> [EXERCISE BRIEF]:
Look in the material below for the line holding "MPEC totals by". Set it down exactly, with each later line up to and including the line holding "Buildings 13 00281 g003".

------ GIVEN RECORDS

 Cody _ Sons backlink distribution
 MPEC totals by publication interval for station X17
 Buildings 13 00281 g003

------------
------ GIVEN RECORDS

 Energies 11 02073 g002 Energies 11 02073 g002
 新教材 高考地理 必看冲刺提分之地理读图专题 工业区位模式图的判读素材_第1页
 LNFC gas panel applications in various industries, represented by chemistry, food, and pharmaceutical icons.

------------

> [EXERCISE RESULT]:
 MPEC totals by publication interval for station X17
 Buildings 13 00281 g003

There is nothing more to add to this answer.